The content is excellent for security professionals, particularly those at the management level. There are 220+ articles within the 10 (ISC)2 domains on a wide variety of topics. Most of the stuff is higher level but just technical enough for you to have confidence in the concepts presented. It would probably be typical that you'd read an article in here for one of three reasons: background research for an immediate decision that doesn't require detailed technical knowledge; introduction to concepts that will require further in-depth research; or research for a presentation to senior management, in which case you'd have to distill and simplify conceptually (something you're probably already used to).

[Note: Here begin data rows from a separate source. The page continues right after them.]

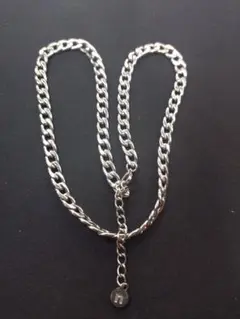 ニコアンド シルバー チェーンネックレス 調整可能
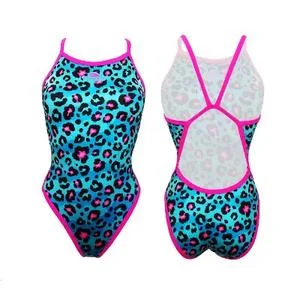 Maillot de bain 1 pièce fille Revolution’ Blu Animal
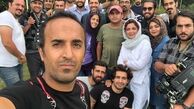 الهام کردا و بچه های درجه یک در انزلی+عکس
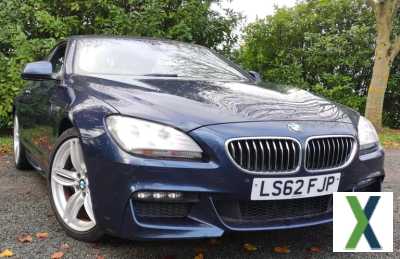 Photo 2012 BMW 6 Series 3.0 640d MSport Auto Euro5 (s/s) 2dr DIESEL BLUE FREE DELIVERY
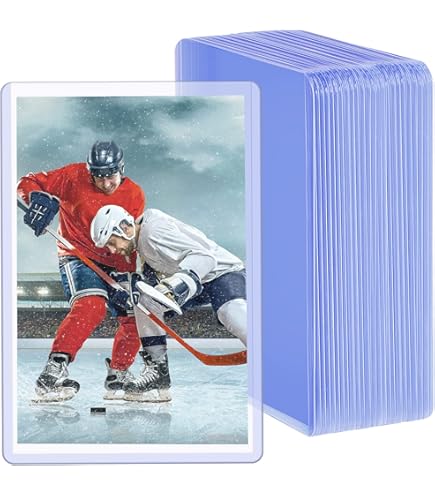 Pack Of 100 Photocard Sleeves - 5x7 Inch (13x18cm) Clear Photo Sleeves, Plastic Sheet Protectors For Photos, Postcards & Recipes, Acid-Free, Archival - View #5
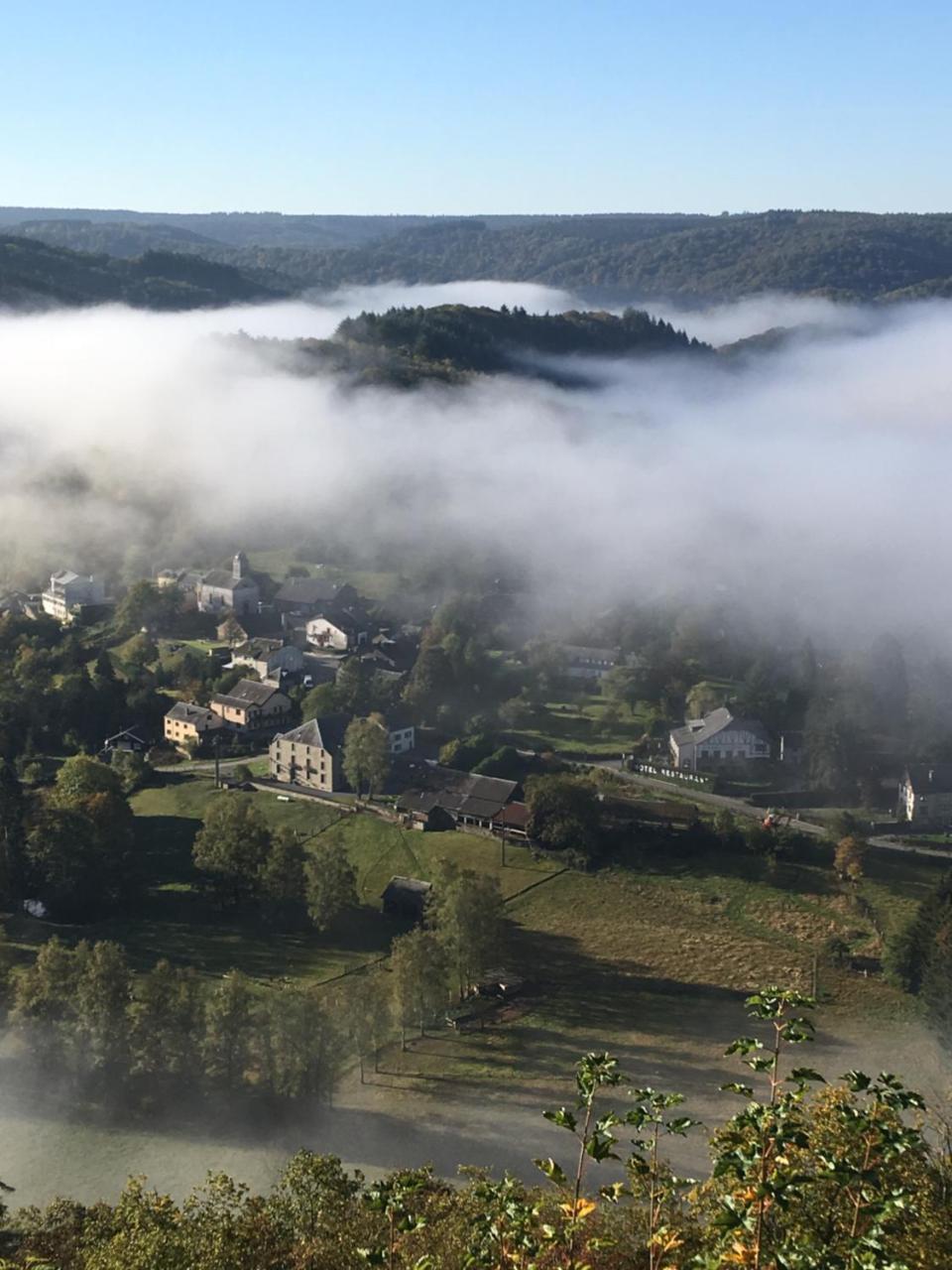 La Petite Passerelle A Mouzaive Vresse-sur-Semois Eksteriør billede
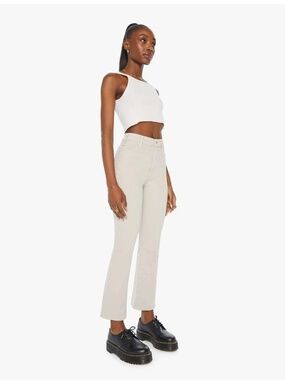 Mother Hustler Flood Jeans Size 28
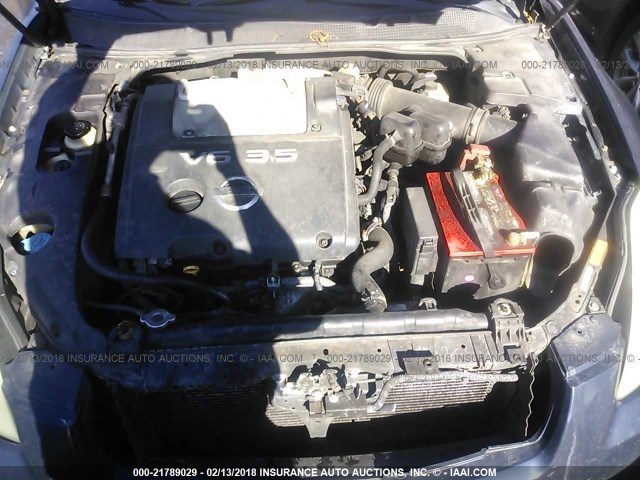 1N4BA41E84C883993 - 2004 NISSAN MAXIMA SE/SL BLUE photo 10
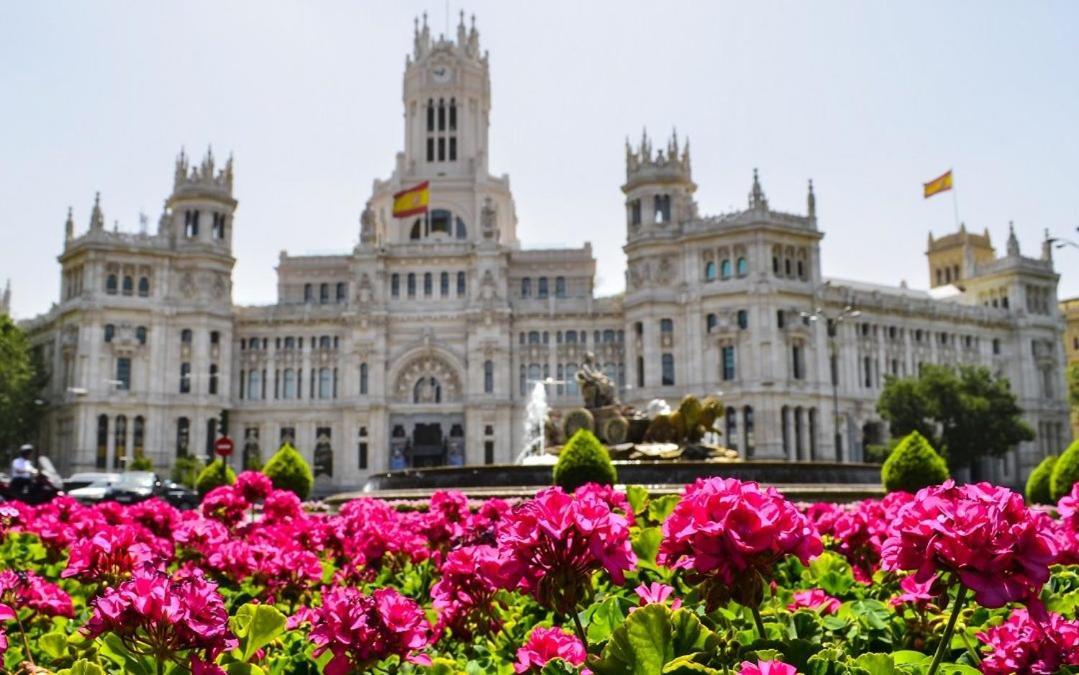 Madrid Citymad Six מראה חיצוני תמונה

You will find multiple articles on single topics- some more complete than others, and potentially with a variety of perspectives, so you'll have to make your own calls on what's presented. It's not a "InfoSec Management for Dummies" book that will give you easy answers to your problem or a step-by-step "how to implement an InfoSec program" guide; it's more like an encyclopedia for research that you can use to factor into making your own, independent decisions. For example, there's not a lot of specifics on actual risk assessment techniques, but there are high level articles on the principles.

I wish each of the individual articles were specifically dated so I'd know the time context; seeing a statement like "the position of CISO was virtually unheard of five years ago" or even "80 percent of companies monitor their employees' email" means less without knowing when the article was written.

I could probably find a lot of similar information Googling for it, but Google doesn't seem to be what it once was (or the Internet for that matter... so much for the days of shared research) and my time is too valuable to spend a lot of it culling through blogs, noisy forums, and marketing junk disguised as whitepapers to get this information.

For the record, I have passed the CISSP exam. I did not use this book, nor would I recommend it as a study guide. I bought this particular book because I needed it as a reference for my work. If you mastered this book cover to cover and didn't read anything else, you'd probably do OK on the exam, but there are far more efficient means to getting there.